Tashkent was indeed one of the most popular wartime destinations. Although no one commented on the phenomenon quite as lyrically as Wat, he was but one of many to describe it. “A great number of evacuees are headed for Tashkent,” reported one official in Penza in the fall of 1941. “There is reason to fear that an excessive number of people will accumulate there and that it will be necessary to transfer them to other regions.”
A report from the Kazakh city of Arys likewise noted that “significant masses of people move haphazardly to Uzbekistan and, as a first priority, to Tashkent.” According to Saul Borovoi, who journeyed across the Caspian Sea from Makhachkala to Krasnovodsk, “the majority of refugees sought to go to Tashkent.”
Whether in Moscow, Penza, Kazakhstan, or on the shores of the Caspian Sea, observers repeatedly noted the same phenomenon: in the words of an official in Uzbekistan, “Everyone is headed for Tashkent.”
Tashkent’s appeal stemmed from its southern location as well as its almost legendary food supply and distance from the front. Although evacuees would later complain bitterly about the inhospitable climate, many were originally drawn there on its account.
Georgii Efron, who was of two minds about leaving Moscow, reasoned in his diary that, “at least one need not fear the cold in Tashkent and its surrounding area.” In Leningrad, where evacuees were sometimes informed about the climatic conditions in different parts of the country by an onsite geographer, Tashkent seemed like an indisputably better choice than Novosibirsk, Cheliabinsk, Sverdlovsk, or one of the many other northern cities that also served as important reception sites for evacuees.
As one Polish refugee explained, “The moderate climate, with its mild winters, was attractive to many refugees, who were poorly prepared for the severe winters in other regions of the Soviet Union.”
Evgenii Pasternak, son of the Nobel Prize-winning author Boris Pasternak, later recalled his mother’s thinking when presented with the possibility of going to Tashkent; among other considerations, she had felt that “Tashkent always seemed a wealthy, well-fed city, and in winter it was warm there.” Likewise, anticommunist activist Vladimir N. Petrov recalls that the passengers in his train heading south from Novosibirsk to Tashkent “were very pleased to be going south.”
The journey to Tashkent was long and arduous. Moreover, as Georgii Efron noted in his diary en route, the “routes that lead there are numerous.” Those traveling from the north tended to take the route through Chkalov, formerly Orenburg. The Orenburg-Tashkent line had been built in the early 20th century, connecting the central Asian colony to the metropole.

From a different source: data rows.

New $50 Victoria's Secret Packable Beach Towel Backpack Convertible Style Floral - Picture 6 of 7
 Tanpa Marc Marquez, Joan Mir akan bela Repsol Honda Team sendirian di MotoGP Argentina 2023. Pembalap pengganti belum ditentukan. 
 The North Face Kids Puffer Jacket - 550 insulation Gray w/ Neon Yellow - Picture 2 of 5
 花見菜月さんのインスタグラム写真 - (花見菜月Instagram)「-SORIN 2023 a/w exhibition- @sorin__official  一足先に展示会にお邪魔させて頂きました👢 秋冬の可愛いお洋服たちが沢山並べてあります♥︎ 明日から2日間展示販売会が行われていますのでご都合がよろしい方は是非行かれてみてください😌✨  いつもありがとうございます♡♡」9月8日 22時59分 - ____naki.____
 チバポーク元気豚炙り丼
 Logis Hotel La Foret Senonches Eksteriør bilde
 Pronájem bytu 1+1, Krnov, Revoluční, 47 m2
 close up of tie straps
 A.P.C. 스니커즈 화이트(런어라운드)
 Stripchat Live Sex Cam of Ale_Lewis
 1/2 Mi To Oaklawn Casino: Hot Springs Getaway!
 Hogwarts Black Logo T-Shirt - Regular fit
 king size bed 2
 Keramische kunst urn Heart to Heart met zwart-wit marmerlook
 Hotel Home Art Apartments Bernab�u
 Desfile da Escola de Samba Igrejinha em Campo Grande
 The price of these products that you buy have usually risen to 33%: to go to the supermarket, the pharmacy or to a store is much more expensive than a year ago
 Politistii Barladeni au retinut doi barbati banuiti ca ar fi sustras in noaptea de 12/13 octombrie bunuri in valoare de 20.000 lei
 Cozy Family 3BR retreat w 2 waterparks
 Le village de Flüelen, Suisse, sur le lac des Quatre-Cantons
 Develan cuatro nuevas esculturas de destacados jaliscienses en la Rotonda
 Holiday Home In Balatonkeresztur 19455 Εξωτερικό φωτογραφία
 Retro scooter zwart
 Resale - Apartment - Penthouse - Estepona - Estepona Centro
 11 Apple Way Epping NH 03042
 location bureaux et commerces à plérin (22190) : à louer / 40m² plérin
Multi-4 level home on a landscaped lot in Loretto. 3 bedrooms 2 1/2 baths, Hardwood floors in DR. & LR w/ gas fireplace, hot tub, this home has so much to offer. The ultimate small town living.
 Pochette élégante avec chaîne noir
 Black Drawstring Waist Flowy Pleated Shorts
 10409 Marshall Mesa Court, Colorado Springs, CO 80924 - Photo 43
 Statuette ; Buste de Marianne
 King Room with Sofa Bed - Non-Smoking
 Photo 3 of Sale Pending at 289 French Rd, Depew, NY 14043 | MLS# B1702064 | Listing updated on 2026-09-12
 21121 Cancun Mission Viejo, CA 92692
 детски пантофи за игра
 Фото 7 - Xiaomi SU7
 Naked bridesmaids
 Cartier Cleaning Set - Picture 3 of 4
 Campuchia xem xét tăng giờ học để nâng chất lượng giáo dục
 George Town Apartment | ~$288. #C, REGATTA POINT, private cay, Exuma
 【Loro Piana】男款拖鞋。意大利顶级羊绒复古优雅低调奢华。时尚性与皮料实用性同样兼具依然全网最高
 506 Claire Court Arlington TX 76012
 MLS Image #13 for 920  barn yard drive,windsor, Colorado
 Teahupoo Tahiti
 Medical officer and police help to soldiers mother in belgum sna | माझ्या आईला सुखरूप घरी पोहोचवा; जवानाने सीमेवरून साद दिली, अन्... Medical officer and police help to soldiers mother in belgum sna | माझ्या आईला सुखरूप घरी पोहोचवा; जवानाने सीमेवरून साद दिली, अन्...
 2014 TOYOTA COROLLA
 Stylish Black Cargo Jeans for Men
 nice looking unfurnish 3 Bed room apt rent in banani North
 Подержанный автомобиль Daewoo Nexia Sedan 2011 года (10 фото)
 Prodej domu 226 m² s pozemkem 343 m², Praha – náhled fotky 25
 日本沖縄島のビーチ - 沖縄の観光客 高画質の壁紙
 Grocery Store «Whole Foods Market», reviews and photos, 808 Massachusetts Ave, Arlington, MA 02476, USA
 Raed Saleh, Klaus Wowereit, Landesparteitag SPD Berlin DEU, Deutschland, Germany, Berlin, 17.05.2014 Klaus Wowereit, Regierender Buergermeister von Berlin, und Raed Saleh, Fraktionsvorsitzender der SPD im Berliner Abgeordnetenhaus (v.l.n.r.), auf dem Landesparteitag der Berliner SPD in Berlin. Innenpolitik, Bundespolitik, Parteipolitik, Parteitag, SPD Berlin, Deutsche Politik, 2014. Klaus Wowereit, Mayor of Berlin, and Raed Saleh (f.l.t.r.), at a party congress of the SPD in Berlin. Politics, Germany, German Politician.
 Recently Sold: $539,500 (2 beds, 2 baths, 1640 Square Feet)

Before the war, the journey usually took under a week. For those traveling east in 1941, however, the journey was almost always longer. Whereas Kornei Chukovskii traveled the distance in just over a week, Maria Belkina’s train took 11 days, Zinaida Stepanishcheva’s 15 days, and Georgii Efron’s over three weeks. Elena Dobychina, setting out from Leningrad, journeyed for 20 days, and Victor Zhirmunskii one month.
The railway lines were overburdened in both directions. On some lines in the region, trains were moving on average no faster than 200 kilometers (124 miles) per day. Georgii Efron’s diary contains a running chronicle of his echelon’s progress: on the fourth day of the journey, he noted that “our train advances by 100 to 200 meters, then stops for a good half-dozen hours. It would be truly comical if it weren’t so sad.”
TASHKENT, THE CITY
The city that greeted those displaced by the war struck most as foreign and unfamiliar. Tashkent did not yet boast the distinctively Soviet-style apartment blocks that would come to dominate its urban landscape after the earthquake of 1966. In 1941, plans to transform the city into a model Soviet city, a modern outpost in Central Asia, remained by and large paper projects.
Tashkent was still a city of small one- and two-story houses and dirt lanes. It was divided between the Russian section of the city, built as a European colonial outpost in the late 19th century, and the Muslim district, or old town.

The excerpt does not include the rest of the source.